Doing what you suggest would mean redesigning the network protocol from the ground up right? I mean you're talking about extending X11 so that is has some new features that GTK3 needs. So assume we did that. Now what about all of those Motif features that nobody is using. Do we still maintain them? How do we implement these new extensions and keep the old features in a way that improves the appearance of using the display?
I mean X11 doesn't have an easy way to ensure your application window appears cleanly on the first screen paint. And it's full of network round trips and has quite a few state bugs. How do you improve motif apps so that they don't look like motif apps?
There is so much in the X11 protocol that needs to be deprecated, that at this point you might as well throw it all away and build a better network protocol to replace it. Ok, so the Wayland devs aren't trying to design a new network protocol, but they're also not stopping the community from attempting to build one.
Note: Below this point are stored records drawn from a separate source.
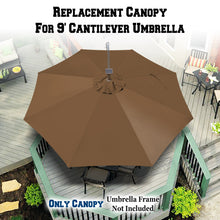 Load image into Gallery viewer, 9ft 8rib Replacement Canopy Cover Patio Solar Hanging Cantilever Umbrella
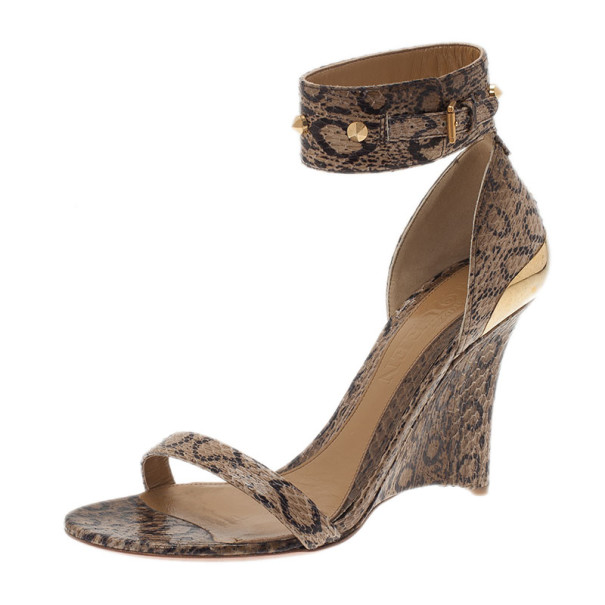Alexander McQueen Beige Python Ankle Strap Wedges Size 38.5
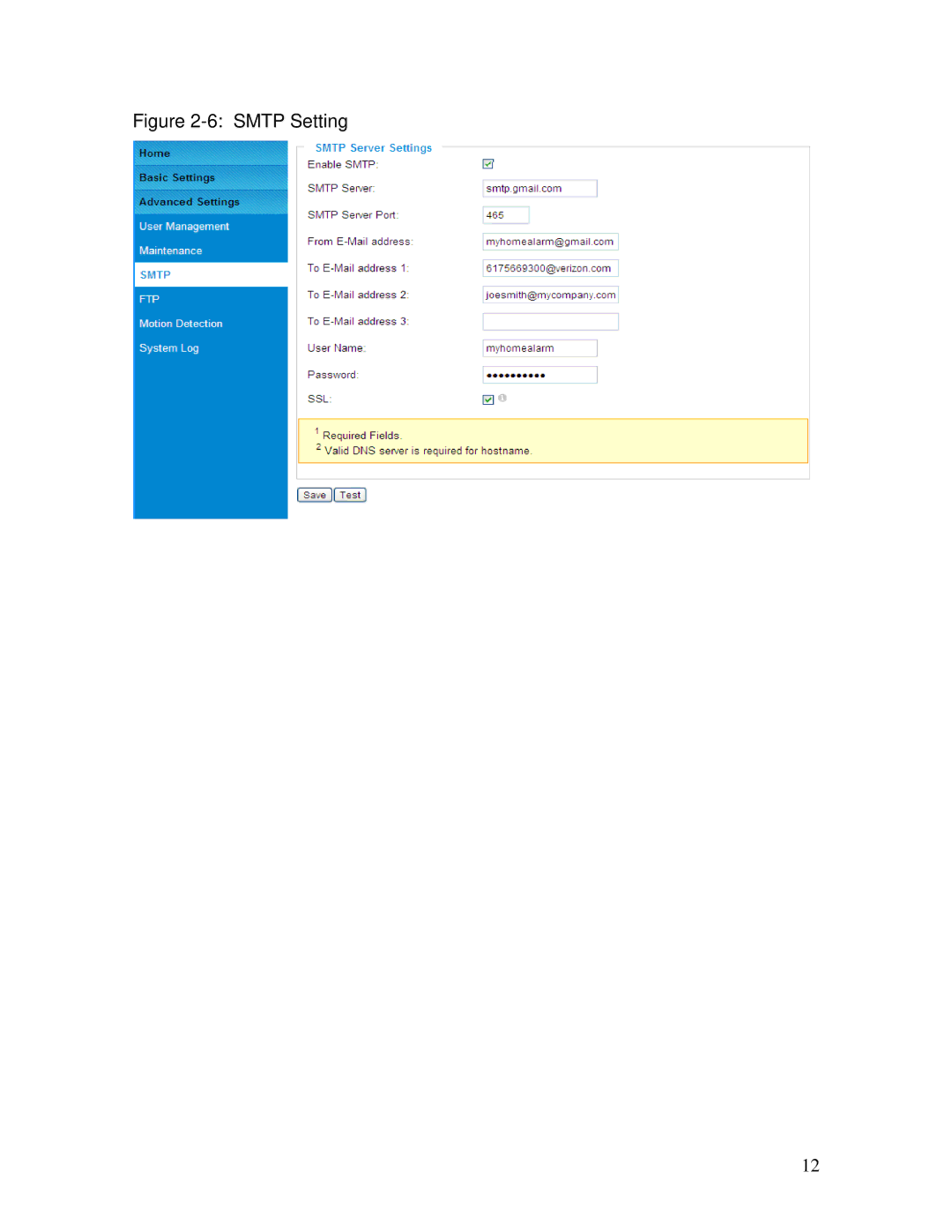 Grandstream Networks HT503 manual Smtp Setting 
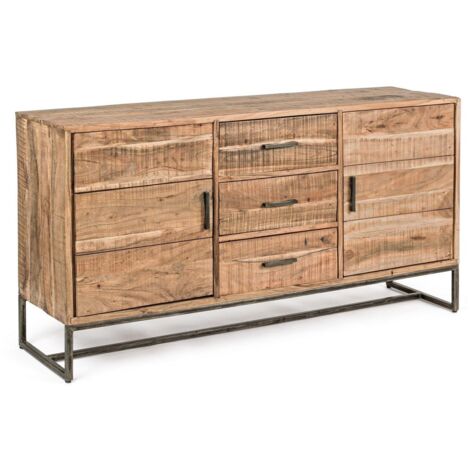 Credenza "Elmer" con struttura in legno di acacia, schienale in compensato, stile moderno -2 Ante - 3 Cassetti (Modello Small)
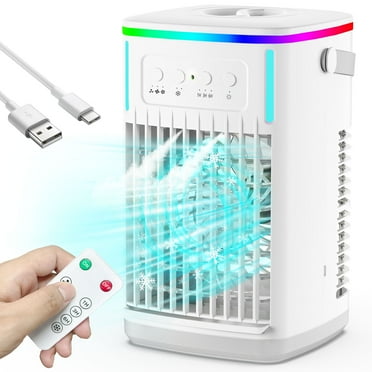 Portable Air Conditioners with Remote, 1500ml Water Tank, 3 Speeds, 4-in-1 Portable AC with 6H Timer, 2 Cool Mist, 7 Lights, Personal Mini Air Cooler Fan for Room Bedroom Office (White)
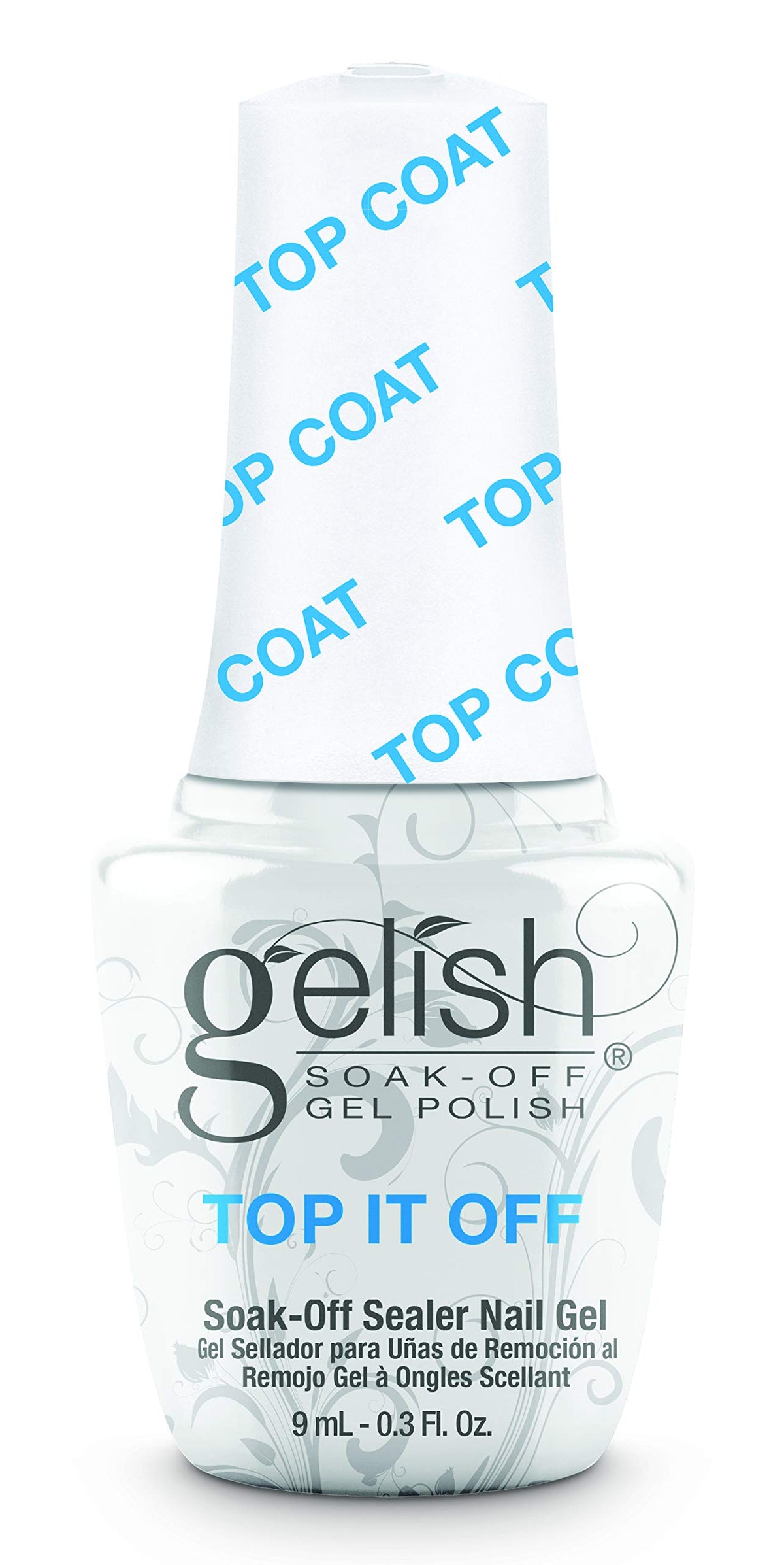Gelish front bottle showing label and glossy finish benefit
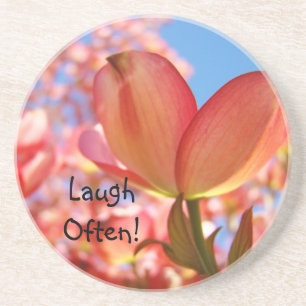 Laugh Often! drink coasters gifts Pink Dogwood Getränkeuntersetzer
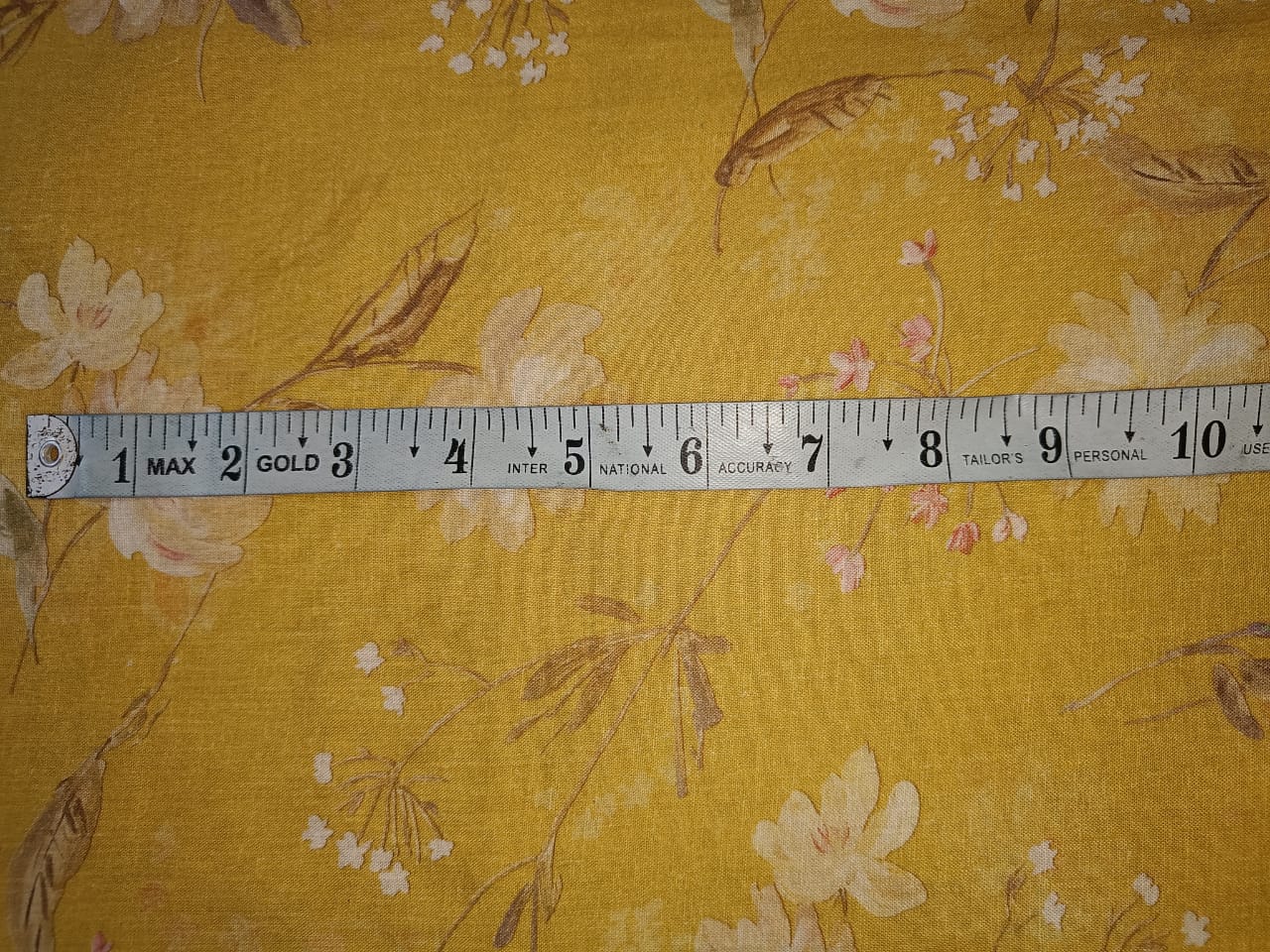 100% linen Floral  print 44" wide available in 4 colors [Beige brown, Watermelon pink, Yellow, Green]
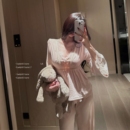 女 蕾丝纯欲海岛绒舒适家居服加厚睡衣三件套装 「LA」丝芙特 冬季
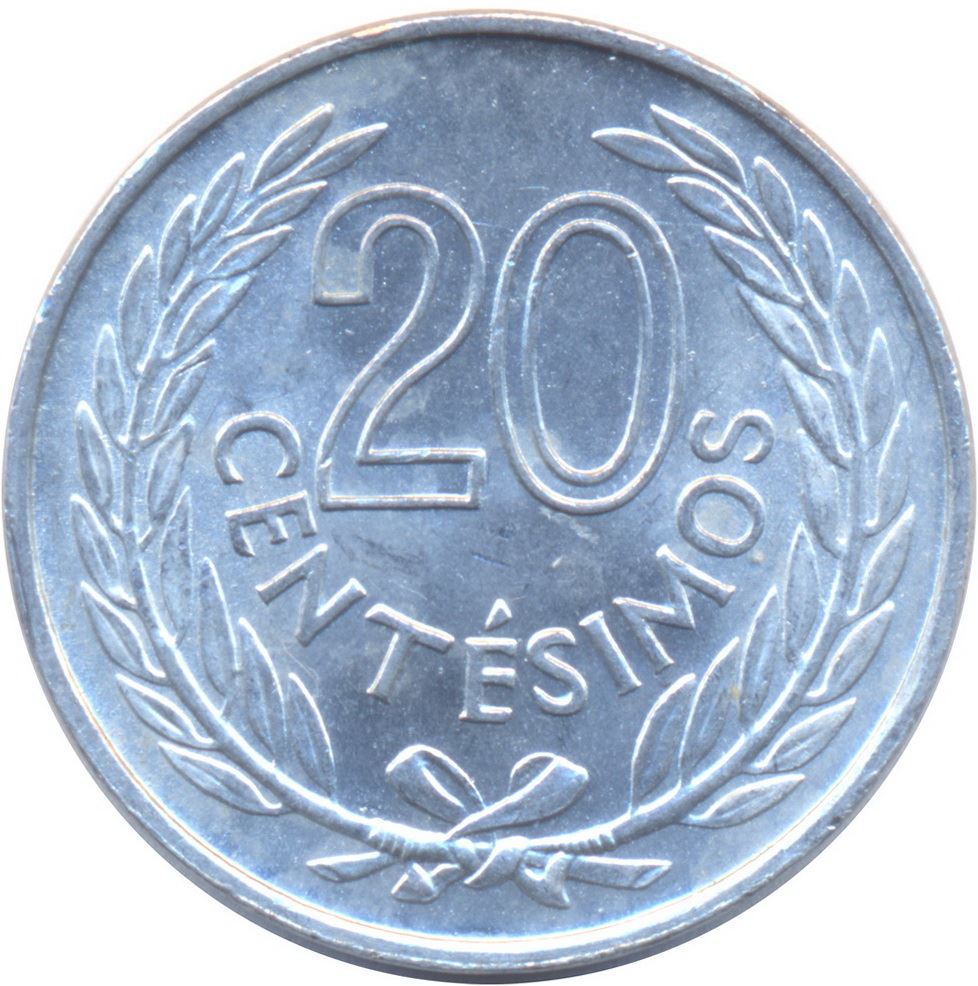 Uruguay | 20 Centesimos Coin | Jose Gervasio Artigas | KM44 | 1965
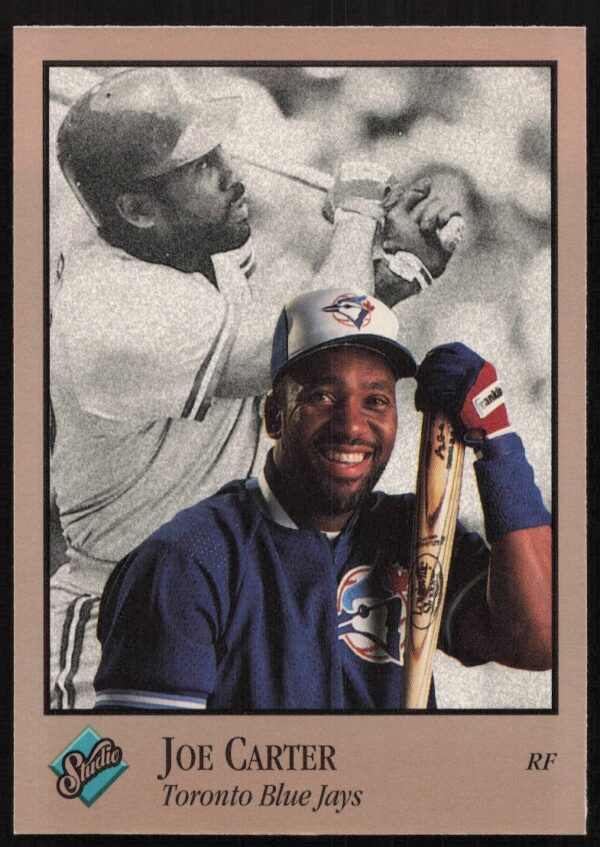 Joe Carter 1992 Leaf Studio card #254, Toronto Blue Jays portrait, baseball collectible.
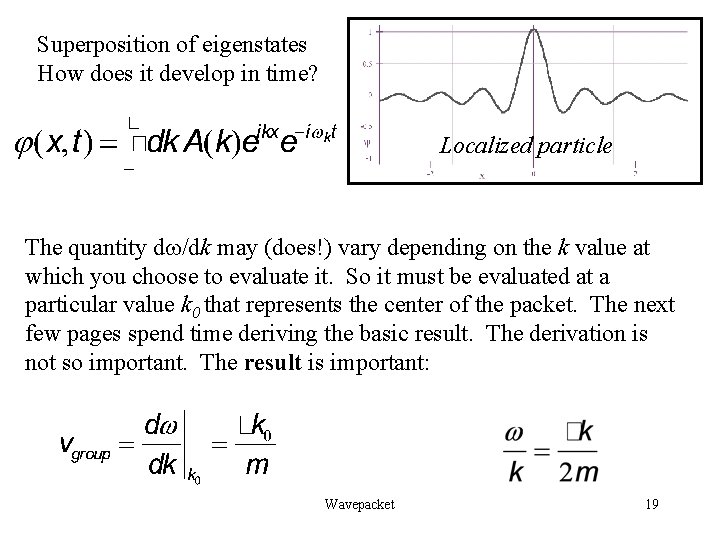 Superposition of eigenstates How does it develop in time? Localized particle The quantity dw/dk Superposition of eigenstates How does it develop in time? Localized particle The quantity dw/dk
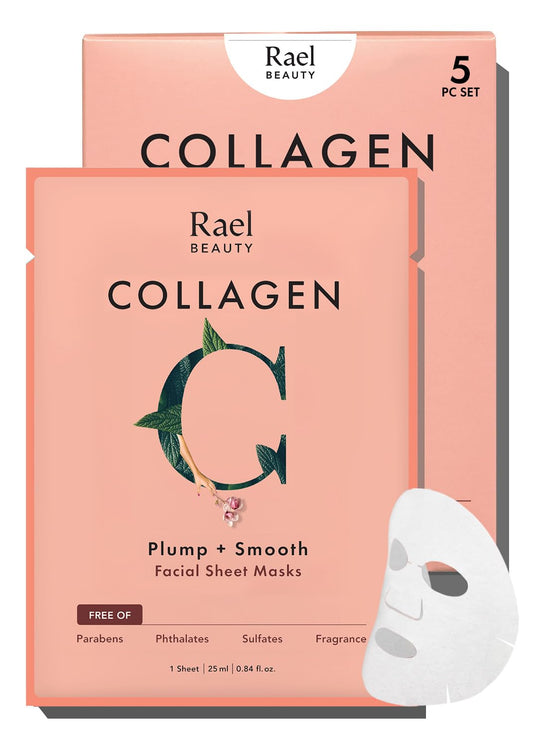 Rael collagen face mask bamboo sheet focuses on hydration for all skin types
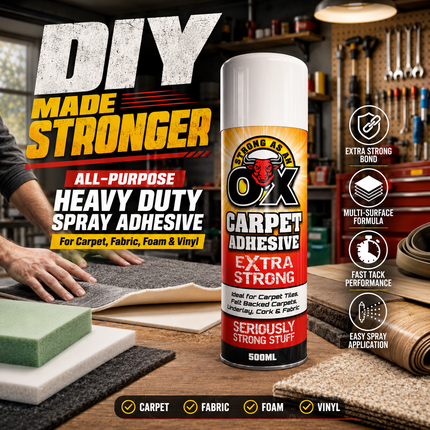 Adhesive Glue Spray Heavy Duty Strong OX Foam For Carpet Tile Fabric Vinyl 500ML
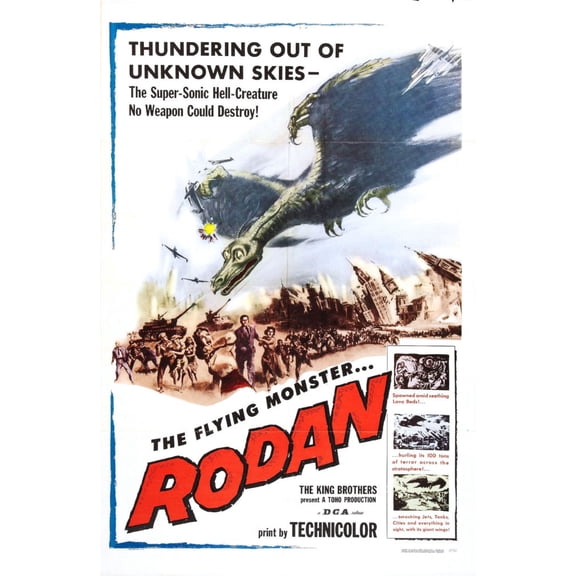 Rodan Movie Poster 24inx36in (61cm x 91cm) Art Poster 24x36 Multi-Color Square Adults Z Posters
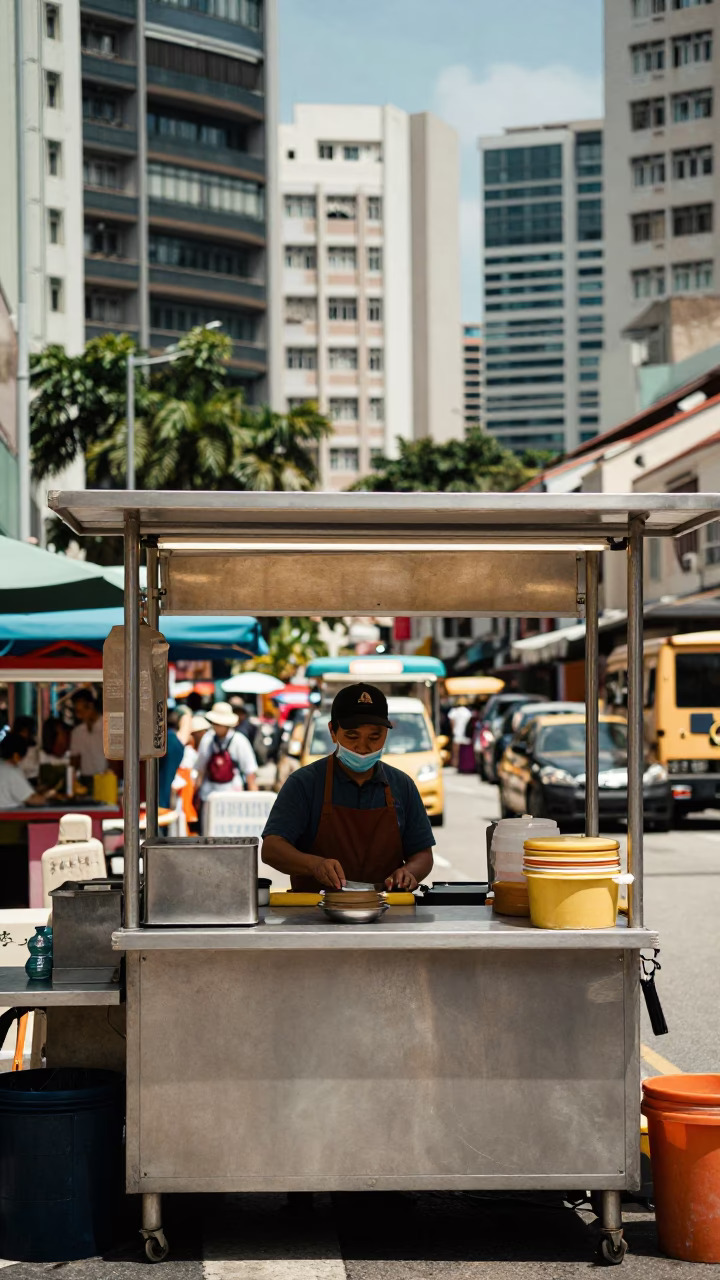 Singapore Street Stall at The Flat Glare Of Noon Light in in Singapore, Singapore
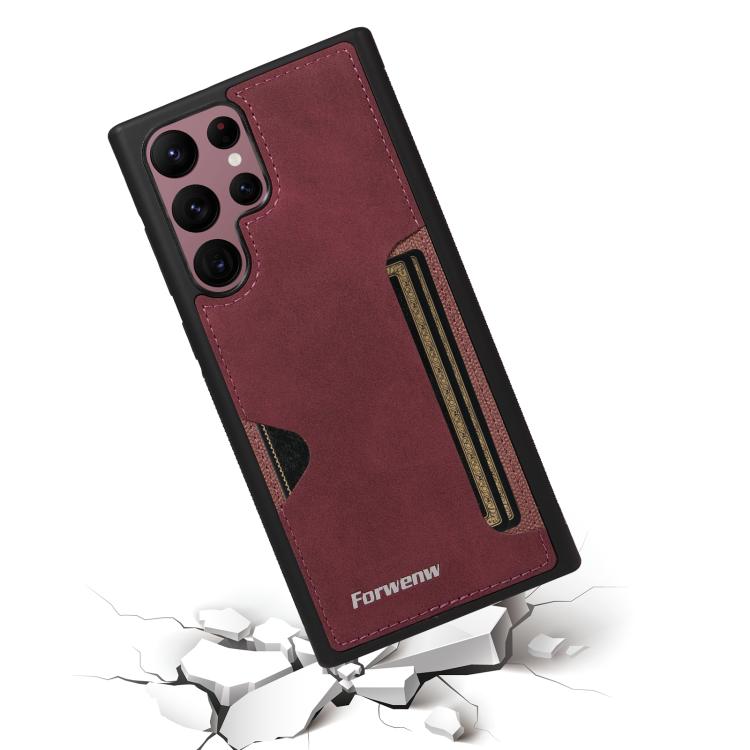 For Samsung Galaxy S22 Ultra 5G Forwenw F5 Series Integrated Card Bag Phone Case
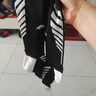 李宁（LI-NING）足球袜儿童长筒袜过膝防滑训练护腿板袜套高筒长袜子男 黑白-L 实拍图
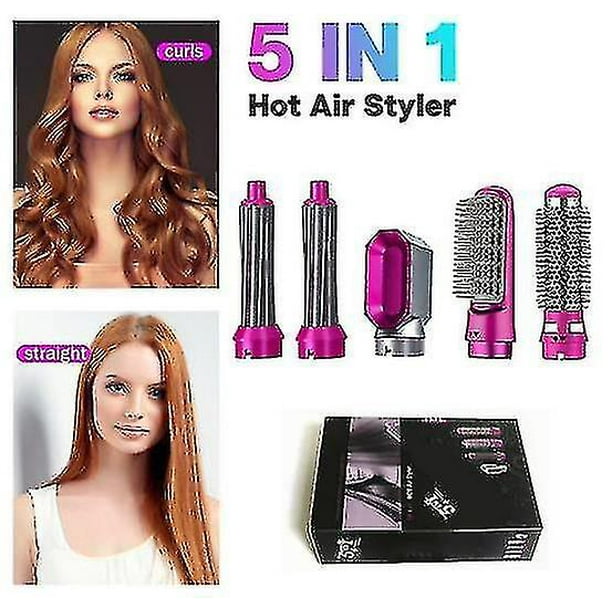 5 in 1 Hair Dryer Hot Comb Set Professional Curling Iron Hair Straight –  Bubble Brush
Why not get all of the Qt, GTK, wxWidgets etc people into a room and hash out a new standard that they can all agree on.
All the Wayland devs are doing is following the traditional Unix philosophy. Take apart the features of the old monolithic XServer, define the pieces that we need to run a display. Shift features into the kernel that should be in the kernel. Shift the application remoting network protocol up a layer into a client of the compositor.
Oh, and in case you haven't noticed, there's nothing stopping you from remotely accessing the entire composited desktop via RDP or similar.